In IDL, a union is defined as a sequence of members with their own types and a discriminant that specifies which member is in use. An IDL union type is mapped as a C++ class with access functions to the union members and the discriminant.

The following IDL union:

union Union switch(long)
{
   case 1:
    octet octet_value;
  case 2:
    long long_value;
  case 3:
    string string_value;
};

Would be converted to:

class Union
{
public:
   Union();
   ~Union();
   Union(const Union &x);
   Union(Union &&x);
   Union& operator=(const Union &x);
   Union& operator=(Union &&x);

   void d(int32t __d);
   int32_t _d() const;
   int32_t& _d();

   void octet_value(uint8_t _octet_value);
   uint8_t octet_value() const;
   uint8_t& octet_value();
   void long_value(int64_t _long_value);
   int64_t long_value() const;
   int64_t& long_value();
   void string_value(const std::string
      &_string_value);
   void string_value(std:: string &&_string_value);
   const std::string& string_value() const;
   std::string& string_value();

private:
   int32_t m__d;
   uint8_t m_octet_value;
   int64_t m_long_value;
   std::string m_string_value;
};

Enumerations

An enumeration in IDL format is a collection of identifiers that have a numeric value associated.

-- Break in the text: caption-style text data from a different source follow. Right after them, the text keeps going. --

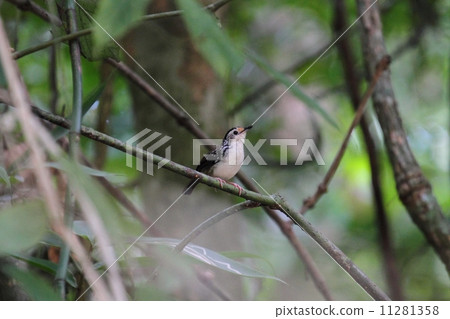Striped Wren-Babbler (Shirafasaiti Chimedri) 11281358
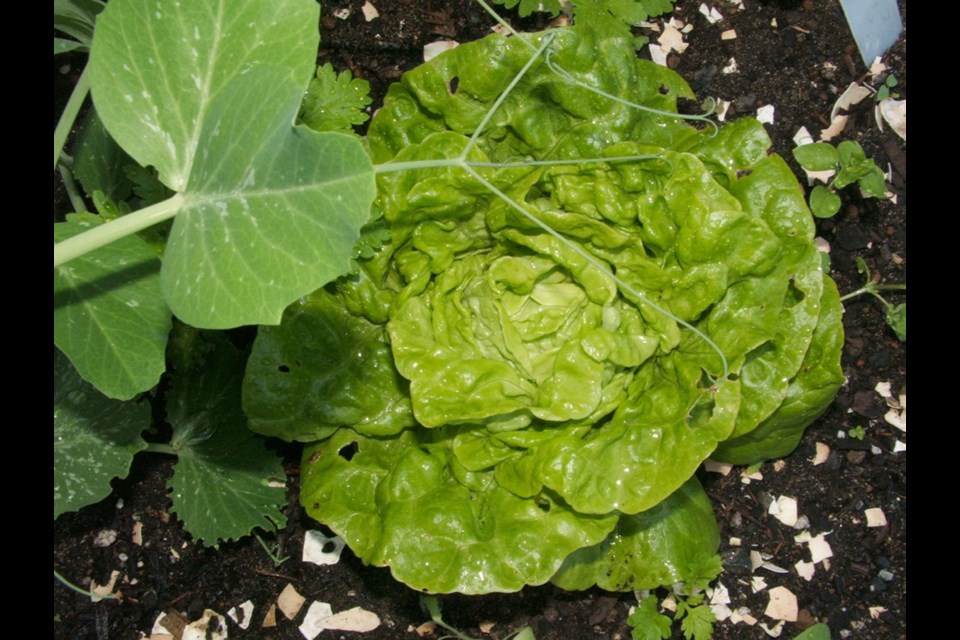 Little slugs and splashes of soil can sometimes be found tucked into the leaves of tightly packed lettuces like this miniature butterhead. After trimming and rinsing, soaking the head in lukewarm water will loosen away unwanted bits.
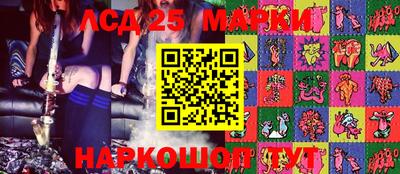 spice Новозыбков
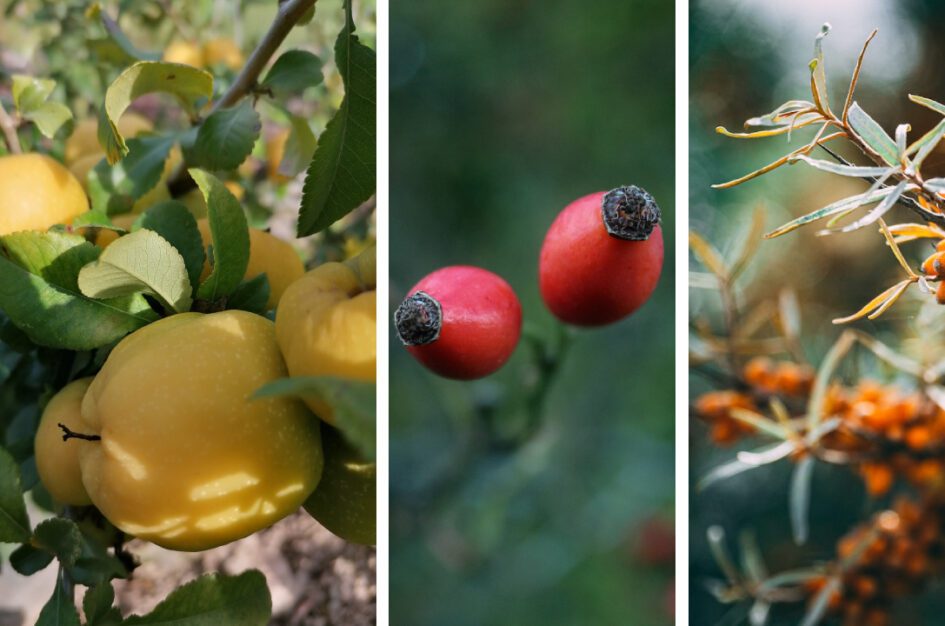 Jesienne owoce: zdrowe, kolorowe, smaczne i mniej znane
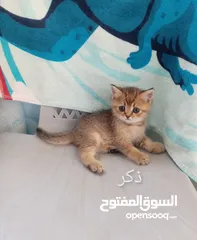  9 كتين سكوتش فولد وستريت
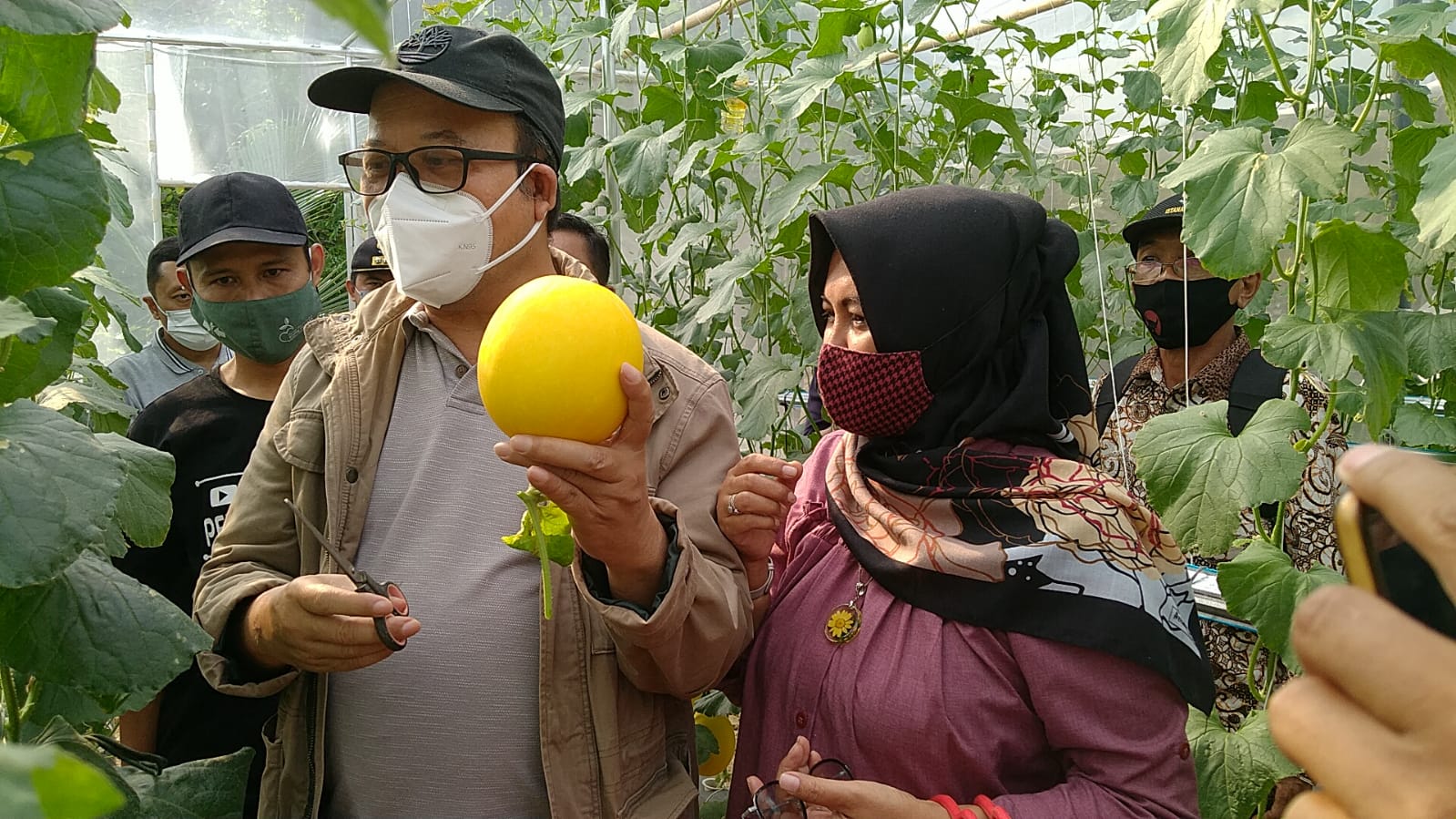 Tinjauan Pohon Melon Hidroponik Bersama Bupati Banyumas Di Purwojati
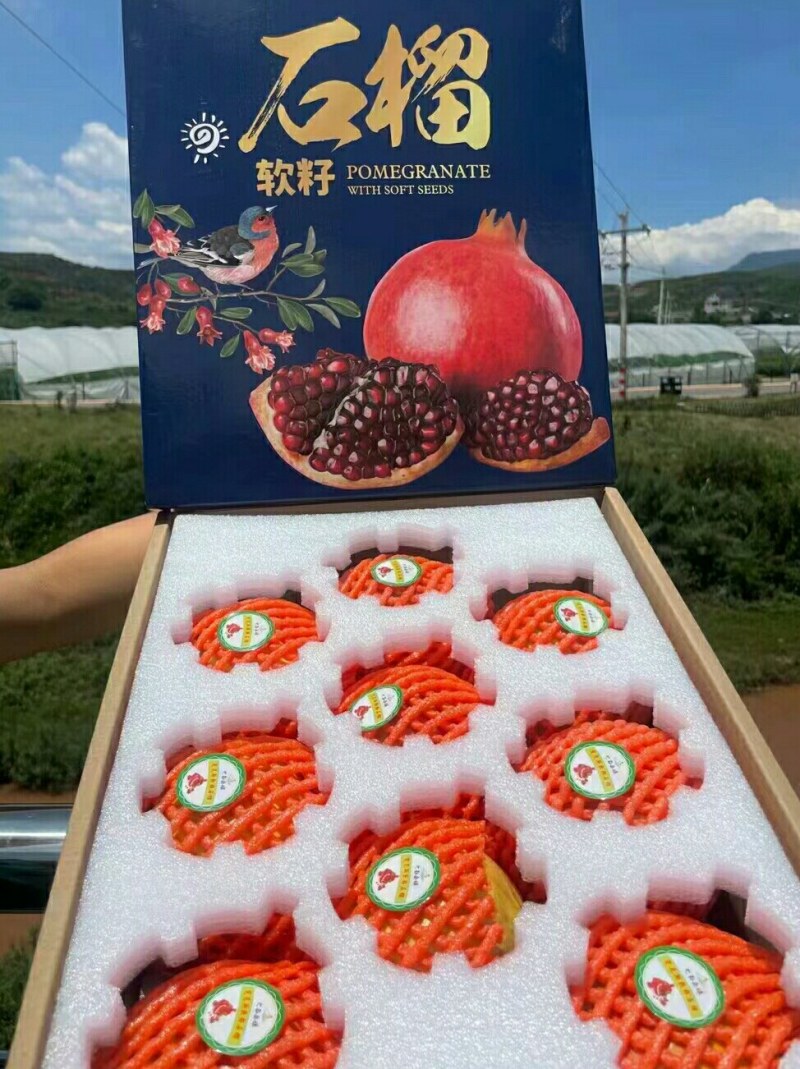 中国石榴之乡会理石榴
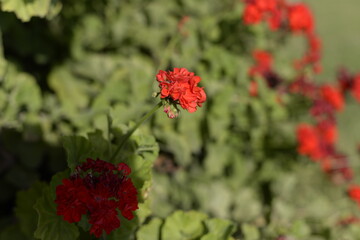 Planta con flor de geranio de color rojo con hojas verdes en Andalucía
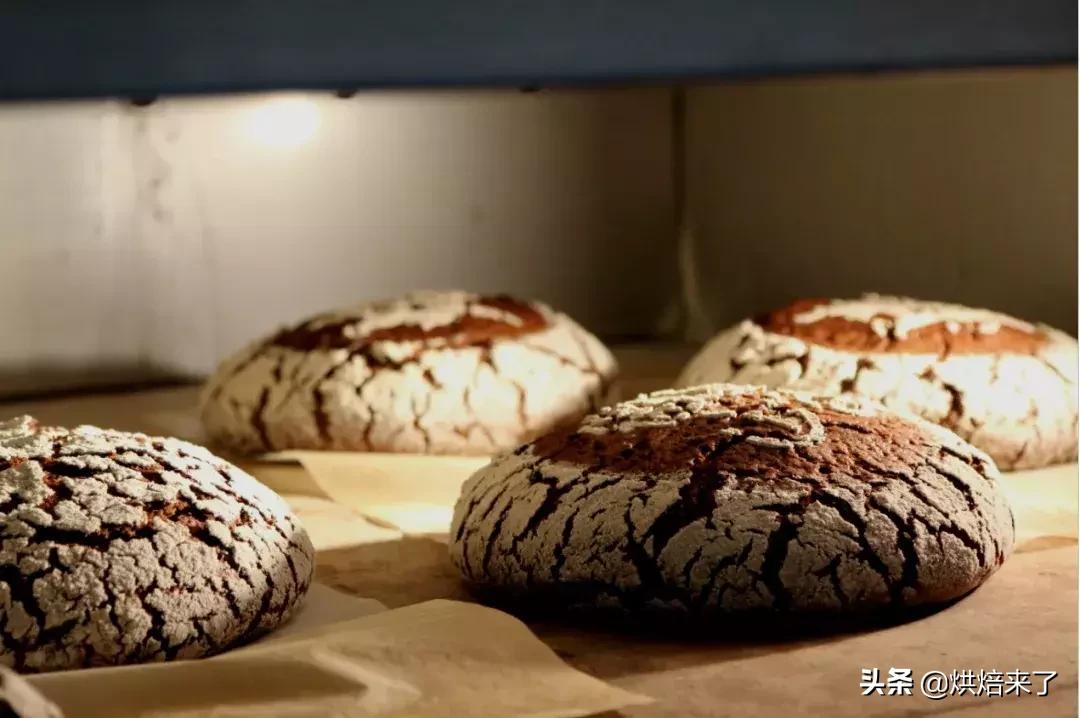 德国黑麦酸面包 (德国黑麦酸面包怎么吃)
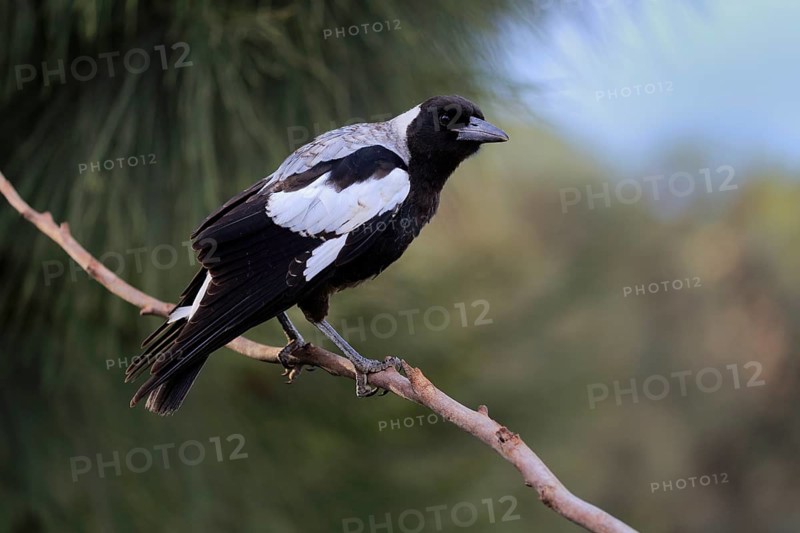 Australian magpie
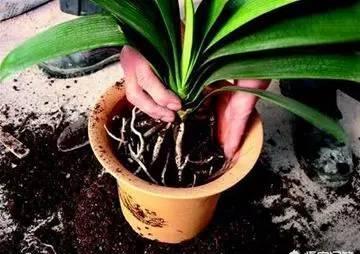 花不用肥买什么,有机肥和磷钾肥养花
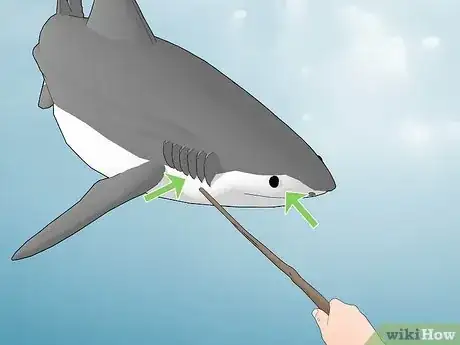 Image titled Survive a Shark Attack Step 4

An IDL enumeration type is mapped directly to the corresponding C++11 enumeration definition.

The following IDL enumeration:

enum Enumeration
{
    RED,
    GREEN,
    BLUE
};

Would be converted to:

enum Enumeration : uint32_t
{
    RED,
    GREEN,
    BLUE
};

Keyed Types

In order to use keyed topics, the user should define some key members inside the structure. This is achieved by writing “@Key” before the members of the structure you want to use as keys. For example in the following IDL file the id and type field would be the keys:

struct MyType
{
    @Key long id;
    @Key string type;
    long positionX;
    long positionY;
};

fastrtpsgen automatically detects these tags and correctly generates the serialization methods for the key generation function in TopicDataType (getKey). This function will obtain the 128-bit MD5 digest of the big-endian serialization of the Key Members.

Including other IDL files

You can include another IDL files in yours in order to use data types defined in them. fastrtpsgen uses a C/C++ preprocessor for this purpose, and you can use #include directive to include an IDL file.

#include "OtherFile.idl"
#include <AnotherFile.idl>

If fastrtpsgen doesn’t find a C/C++ preprocessor in default system paths, you could specify the preprocessor path using parameter -ppPath. If you want to disable the usage of the preprocessor, you could use the parameter -ppDisable.

Version 1.7.1

This release includes the following features:

• LogFileConsumer added to the logging system
• Handle FASTRTPS_DEFAULT_PROFILES_FILE environment variable indicating the default profiles XML file
• XML parser made more restrictive and with better error messages

It also fixes some important bugs: * Fixed discovery issues related to the selected network interfaces on Windows * Improved discovery times * Workaround ASIO issue with multicast on QNX systems * Improved TCP transport performance * Improved handling of key-only data submessages

Some other minor bugs and performance improvements.

Note: If you are upgrading from a version older than 1.7.0, it is required to regenerate generated source from IDL files using fastrtpsgen

Previous versions

Version 1.7.0

This release included the following features:

• TCP Transport
• Dynamic Topic Types
• Security 1.1 compliance

Also bug fixing, allocation and performance improvements.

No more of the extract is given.